Unlike prior relevant studies [39], one of the remarkable strengths of our work is that we resolved the relative contributions of fetal and maternal genotypes on birthweight and employed fetal/maternal-specific effects of birthweight in our genetic overlap analysis as well as in our MR analysis, which provides us an unprecedented opportunity to untangle the origin of the relationship between birthweight and breast cancer [43, 66, 67]. For example, we discovered that fetal-specific birthweight was genetically correlated to breast cancer in a positive direction, while maternal-specific birthweight showed a negative genetic correlation to breast cancer. In addition, as demonstrated, the pleiotropic genes shared between fetal-specific birthweight and breast cancer was not completely overlapped with those shared between maternal-specific birthweight and breast cancer, implying the diverse contribution of fetal-specific birthweight and maternal-specific birthweight to the observed relationship. Furthermore, we found that fetal-specific birthweight, rather than maternal-specific birthweight, was causally associated with age of menarche which further would affect age at menopause and breast cancer, indicating that, together the identified positive genetic correlation mentioned above, fetal-specific birthweight might exert a more pronounced influence on the development of breast cancer in later life compared to maternal-specific birthweight. Together, these findings suggest that the growth environment in childhood might be very important for the development of breast cancer in adulthood. However, there is insufficient evidence of maternal-specific birthweight effect on offspring's breast cancer, implying that the maternal intrauterine environment does not seem to be the major determinant of the risk of breast cancer.
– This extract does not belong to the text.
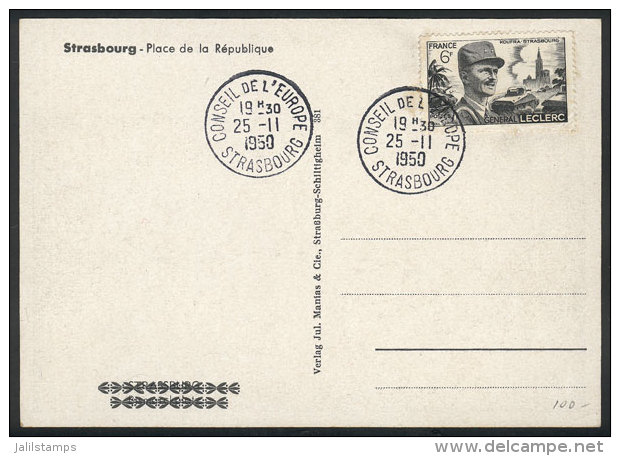 Postcard With Special Cancel Of 25/NO/1950: "CONSEIL DE L&acute;EUROPE - STRASBOURG", VF Quality! - Autres & Non Classés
Some limitations of the current work should be mentioned. First, like other MR studies, we assumed a linear effect association between birthweight and breast cancer but cannot completely rule out the likelihood of nonlinear association between birthweight and breast cancer as suggested in prior studies [15, 29]. Second, no data on the duration and severity of breast cancer can be available for us; therefore, we cannot assess the dose–response association between birthweight and breast cancer, which is an important aspect of causal inference. Third, due to unavailability of relevant data, we cannot further assess the impact of birthweight on distinct subtypes of breast cancer. Because of the same reason, we also cannot evaluate the association between birthweight and breast cancer stratified by the menopausal status [15], which may indicate various influence of birthweight on breast cancer [22, 23, 91]. Fourth, because the traditional mediation test methods such as the Sobel test and the joint significance test [46], in our analysis we did employ any formal approaches but only applied the naïve principle that the presence of both the exposure-mediator effect and mediator-outcome effect indicates the existence of mediation effect. Therefore, powerful mediation test methods would be warranted for a single or only a few mediators under the summary-level framework, which is our ongoing work. Fifth, we here only two mediators (e.g., age of menarche and age at menopause) were considered; a more comprehensive evaluation of growth traits and life processes are projected to discover other causal paths from birthweight to breast cancer.

Overall, this study reveals that shared genetic foundation and causal mediation commonly drive the connection between the two traits, and that fetal/maternal-specific birthweight plays substantially distinct roles in such relationship. However, our work offers little supportive evidence for the fetal origins hypothesis of breast cancer originating in utero.